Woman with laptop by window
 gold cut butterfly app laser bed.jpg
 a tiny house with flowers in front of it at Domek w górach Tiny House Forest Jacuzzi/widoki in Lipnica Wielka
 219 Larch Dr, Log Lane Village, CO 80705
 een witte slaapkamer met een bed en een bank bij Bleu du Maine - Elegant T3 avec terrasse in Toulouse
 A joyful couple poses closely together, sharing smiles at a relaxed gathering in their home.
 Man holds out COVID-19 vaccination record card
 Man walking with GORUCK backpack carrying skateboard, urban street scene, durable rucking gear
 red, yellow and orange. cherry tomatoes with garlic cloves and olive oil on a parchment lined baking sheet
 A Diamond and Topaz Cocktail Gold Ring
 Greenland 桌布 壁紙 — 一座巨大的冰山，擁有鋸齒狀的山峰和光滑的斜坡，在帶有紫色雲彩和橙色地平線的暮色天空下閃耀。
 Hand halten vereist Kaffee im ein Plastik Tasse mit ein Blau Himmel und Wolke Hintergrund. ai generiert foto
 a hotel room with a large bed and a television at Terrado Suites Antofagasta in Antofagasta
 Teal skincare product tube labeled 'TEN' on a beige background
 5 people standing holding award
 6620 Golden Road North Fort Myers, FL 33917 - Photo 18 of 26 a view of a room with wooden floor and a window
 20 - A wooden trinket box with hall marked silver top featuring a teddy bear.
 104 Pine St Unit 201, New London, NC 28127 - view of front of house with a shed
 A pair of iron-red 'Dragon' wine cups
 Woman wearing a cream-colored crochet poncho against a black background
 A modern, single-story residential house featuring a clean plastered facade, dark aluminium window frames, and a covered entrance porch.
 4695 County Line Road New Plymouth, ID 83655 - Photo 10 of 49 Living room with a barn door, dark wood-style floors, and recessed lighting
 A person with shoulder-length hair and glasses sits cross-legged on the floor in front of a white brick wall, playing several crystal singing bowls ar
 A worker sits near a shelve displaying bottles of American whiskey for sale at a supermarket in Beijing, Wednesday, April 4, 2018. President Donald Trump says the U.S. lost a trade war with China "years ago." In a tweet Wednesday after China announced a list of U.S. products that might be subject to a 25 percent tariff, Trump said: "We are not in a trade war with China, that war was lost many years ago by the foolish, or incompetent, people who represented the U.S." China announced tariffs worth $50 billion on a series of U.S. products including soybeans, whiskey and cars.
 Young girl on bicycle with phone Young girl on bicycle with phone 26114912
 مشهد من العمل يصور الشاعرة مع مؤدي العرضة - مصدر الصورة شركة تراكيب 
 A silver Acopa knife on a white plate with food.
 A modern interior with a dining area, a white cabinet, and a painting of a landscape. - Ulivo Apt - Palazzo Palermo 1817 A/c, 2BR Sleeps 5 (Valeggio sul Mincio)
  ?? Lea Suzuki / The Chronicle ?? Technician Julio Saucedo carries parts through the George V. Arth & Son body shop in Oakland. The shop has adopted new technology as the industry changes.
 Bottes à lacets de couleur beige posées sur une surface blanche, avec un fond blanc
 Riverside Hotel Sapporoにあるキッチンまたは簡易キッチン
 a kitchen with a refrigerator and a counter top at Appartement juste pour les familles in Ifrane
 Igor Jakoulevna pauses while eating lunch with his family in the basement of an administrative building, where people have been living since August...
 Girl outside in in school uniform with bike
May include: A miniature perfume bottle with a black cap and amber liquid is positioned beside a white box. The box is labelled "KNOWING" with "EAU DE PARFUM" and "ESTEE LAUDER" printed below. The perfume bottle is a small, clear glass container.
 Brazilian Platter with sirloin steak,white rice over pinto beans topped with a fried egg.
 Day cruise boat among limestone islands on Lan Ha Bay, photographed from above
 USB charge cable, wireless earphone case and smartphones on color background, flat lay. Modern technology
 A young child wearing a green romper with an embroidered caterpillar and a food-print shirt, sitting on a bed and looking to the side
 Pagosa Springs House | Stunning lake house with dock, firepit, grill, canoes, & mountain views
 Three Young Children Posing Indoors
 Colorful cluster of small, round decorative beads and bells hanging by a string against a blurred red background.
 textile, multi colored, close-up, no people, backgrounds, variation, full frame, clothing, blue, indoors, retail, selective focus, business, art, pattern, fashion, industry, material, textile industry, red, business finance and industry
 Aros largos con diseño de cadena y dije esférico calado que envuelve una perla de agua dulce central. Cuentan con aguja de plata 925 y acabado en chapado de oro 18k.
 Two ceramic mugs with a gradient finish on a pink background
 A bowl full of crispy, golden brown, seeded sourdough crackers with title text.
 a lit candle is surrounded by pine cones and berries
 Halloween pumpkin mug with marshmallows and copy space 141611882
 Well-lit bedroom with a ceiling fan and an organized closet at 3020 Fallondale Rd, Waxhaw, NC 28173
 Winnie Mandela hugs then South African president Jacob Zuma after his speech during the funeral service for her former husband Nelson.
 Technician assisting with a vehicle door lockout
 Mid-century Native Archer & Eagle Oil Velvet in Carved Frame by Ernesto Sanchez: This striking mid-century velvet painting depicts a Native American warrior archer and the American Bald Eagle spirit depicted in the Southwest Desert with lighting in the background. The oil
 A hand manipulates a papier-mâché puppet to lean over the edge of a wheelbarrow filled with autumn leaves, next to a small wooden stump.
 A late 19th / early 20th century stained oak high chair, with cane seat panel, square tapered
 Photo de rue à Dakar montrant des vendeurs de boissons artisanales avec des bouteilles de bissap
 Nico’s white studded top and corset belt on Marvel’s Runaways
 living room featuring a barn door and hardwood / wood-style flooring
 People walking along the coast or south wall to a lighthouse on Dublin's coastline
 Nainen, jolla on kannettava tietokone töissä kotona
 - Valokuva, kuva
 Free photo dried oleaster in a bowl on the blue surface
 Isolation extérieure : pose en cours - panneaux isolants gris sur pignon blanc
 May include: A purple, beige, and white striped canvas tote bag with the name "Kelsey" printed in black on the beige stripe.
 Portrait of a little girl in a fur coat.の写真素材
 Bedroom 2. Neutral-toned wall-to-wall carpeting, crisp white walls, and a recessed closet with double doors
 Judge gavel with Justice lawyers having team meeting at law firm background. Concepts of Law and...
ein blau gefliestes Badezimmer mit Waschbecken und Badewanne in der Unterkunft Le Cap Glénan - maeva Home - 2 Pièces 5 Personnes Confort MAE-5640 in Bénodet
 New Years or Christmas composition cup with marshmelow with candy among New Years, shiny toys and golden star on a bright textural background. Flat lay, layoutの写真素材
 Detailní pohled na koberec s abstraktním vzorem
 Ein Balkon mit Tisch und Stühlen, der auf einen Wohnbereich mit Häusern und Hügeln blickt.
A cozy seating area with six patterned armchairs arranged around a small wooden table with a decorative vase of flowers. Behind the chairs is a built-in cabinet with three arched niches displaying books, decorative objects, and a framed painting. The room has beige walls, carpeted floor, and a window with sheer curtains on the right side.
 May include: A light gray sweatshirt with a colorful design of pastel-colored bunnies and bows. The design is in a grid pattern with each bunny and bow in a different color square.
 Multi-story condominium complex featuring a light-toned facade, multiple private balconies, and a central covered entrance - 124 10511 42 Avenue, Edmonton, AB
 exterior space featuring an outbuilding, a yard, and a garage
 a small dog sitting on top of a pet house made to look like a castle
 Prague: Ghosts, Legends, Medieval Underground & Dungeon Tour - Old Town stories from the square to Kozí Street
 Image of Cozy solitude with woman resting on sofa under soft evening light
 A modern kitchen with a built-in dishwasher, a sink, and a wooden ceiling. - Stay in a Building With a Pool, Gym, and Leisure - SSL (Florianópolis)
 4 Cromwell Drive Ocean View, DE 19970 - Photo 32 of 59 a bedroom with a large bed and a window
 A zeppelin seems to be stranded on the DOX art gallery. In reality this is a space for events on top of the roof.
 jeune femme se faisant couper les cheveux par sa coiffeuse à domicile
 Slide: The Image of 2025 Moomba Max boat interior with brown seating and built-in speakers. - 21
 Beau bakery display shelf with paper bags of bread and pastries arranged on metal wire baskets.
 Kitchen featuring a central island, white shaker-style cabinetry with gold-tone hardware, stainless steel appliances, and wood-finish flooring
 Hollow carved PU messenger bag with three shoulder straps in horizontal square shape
==================================================
● **What is expected**: The reply should hold only the lines of the listing above starting at the line containing "Day cruise boat" and ending at the line containing "Colorful cluster of", exactly as written.

● **Solution to this task**:
 Day cruise boat among limestone islands on Lan Ha Bay, photographed from above
 USB charge cable, wireless earphone case and smartphones on color background, flat lay. Modern technology
 A young child wearing a green romper with an embroidered caterpillar and a food-print shirt, sitting on a bed and looking to the side
 Pagosa Springs House | Stunning lake house with dock, firepit, grill, canoes, & mountain views
 Three Young Children Posing Indoors
 Colorful cluster of small, round decorative beads and bells hanging by a string against a blurred red background.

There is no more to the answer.